One end of the tank glass will be replaced with acrylic to make the hole drilling easier, and to allow a little more light in since that glass is so heavy. I'll be putting in a couple glass cross braces to add strength & stability, the acrylic won't be sealed in place.










Here's how the ventilation and cooling might work; I've done something similar for a frog tank before and it worked well. The fan is just one of the stronger computer fans, they hold up to the humidity very well.










The "Cool Mist" part is an option just put that there in case I decide to try it out. In the hottest weather I would be running this from outside air, through the evaporative (swamp) cooler.

I won't build all this right away, just the fan part at first.

Realistically, I probably won't ever take it any further; just hanging a loose fan inside larger terrariums has worked fine for plants.
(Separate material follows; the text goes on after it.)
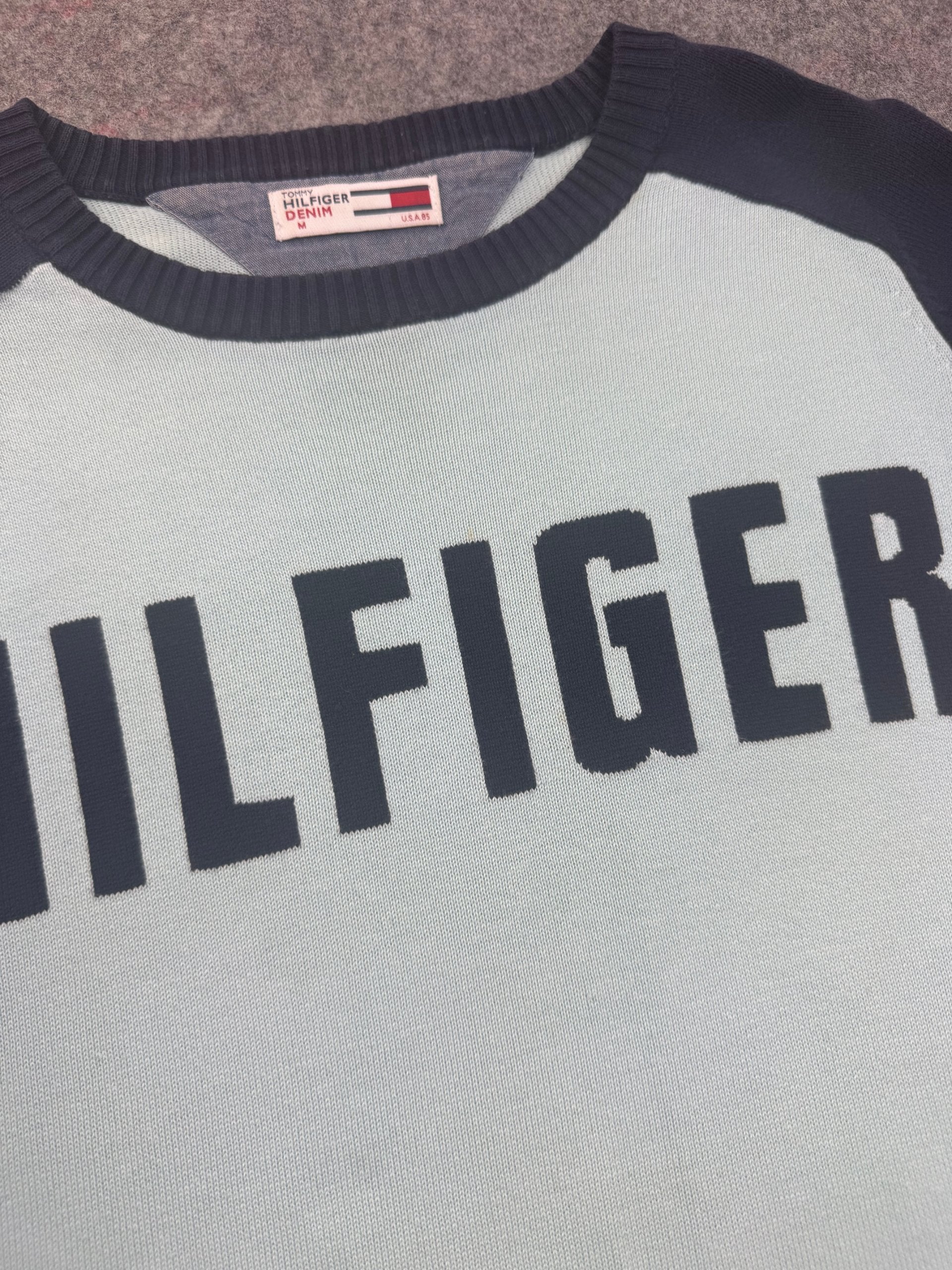 Tommy Hilfiger Light Blue & Navy Raglan Knit Jumper Men’s M image 3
In this case I want the fan outside the tank because it's easier to screen a few holes against curious frogs. And the hanging fans are kinda ugly too.

I want to get started asap on this, but updates will be slow- lots of things going on right now.

Vincent


----------



## the_noobinator (Jan 14, 2007)

you get an A+ for your diagrams.


----------



## dirtmonkey (Feb 10, 2007)

Thanks about the diagrams. I wasn't trying to make them to scale very well, just mostly reminders of what I'd thought up, and taking lots of time about it. That will be good for the frogs eventually, giving more thought to what would be the very best species for the setup. I've bred albino African clawed frogs, Dwarf clawed frogs, and Oriental firebellies (before the latter were illegal here); and kept several other kinds. But never any PDF before, so I'm a 'noob' in a way, and want to get the right kind for the best home.
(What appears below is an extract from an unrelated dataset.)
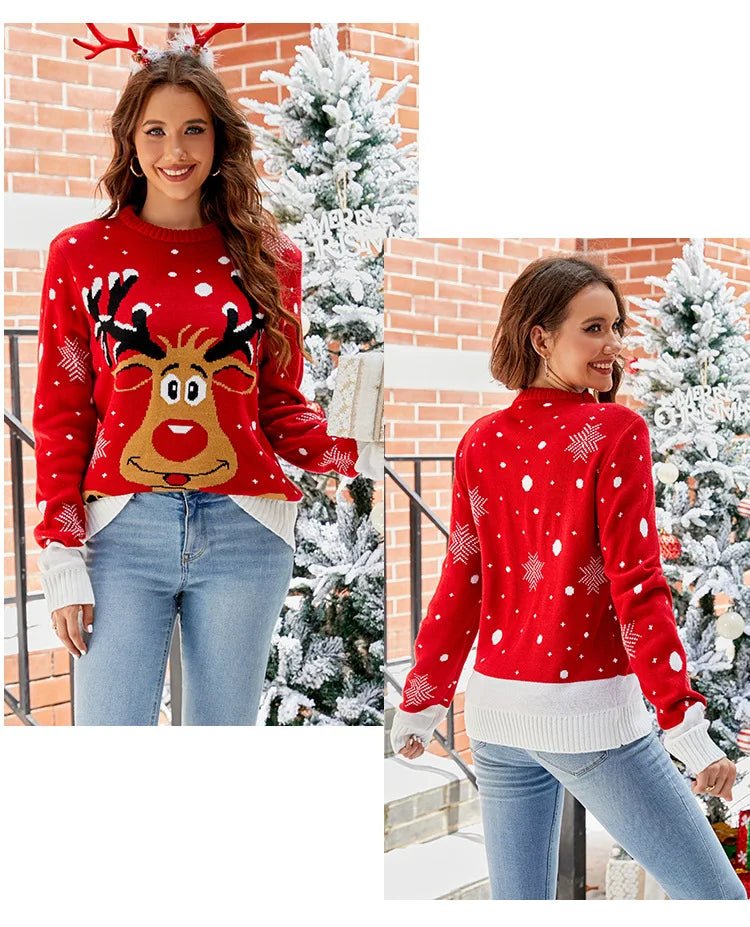 Elk Jacquard Christmas Sweater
I can build stuff and grow plants, but the final interior design will be the hardest part for me. I didn't get any designer genes. What I've always done before is just toss in some wood and rock, plant as much as possible, then let the plants themselves decide on the arrangement. Right now I'm thinking about the plants mostly, so I'll write about those here. 

I might have enough choices already, or on the way, to do something close to a biotope from the ground up to the canopy. A four-foot compressed rainforest in a box. A lot of my favorite plants (and people!) are Central or South American so it should be easy to find combinations I like.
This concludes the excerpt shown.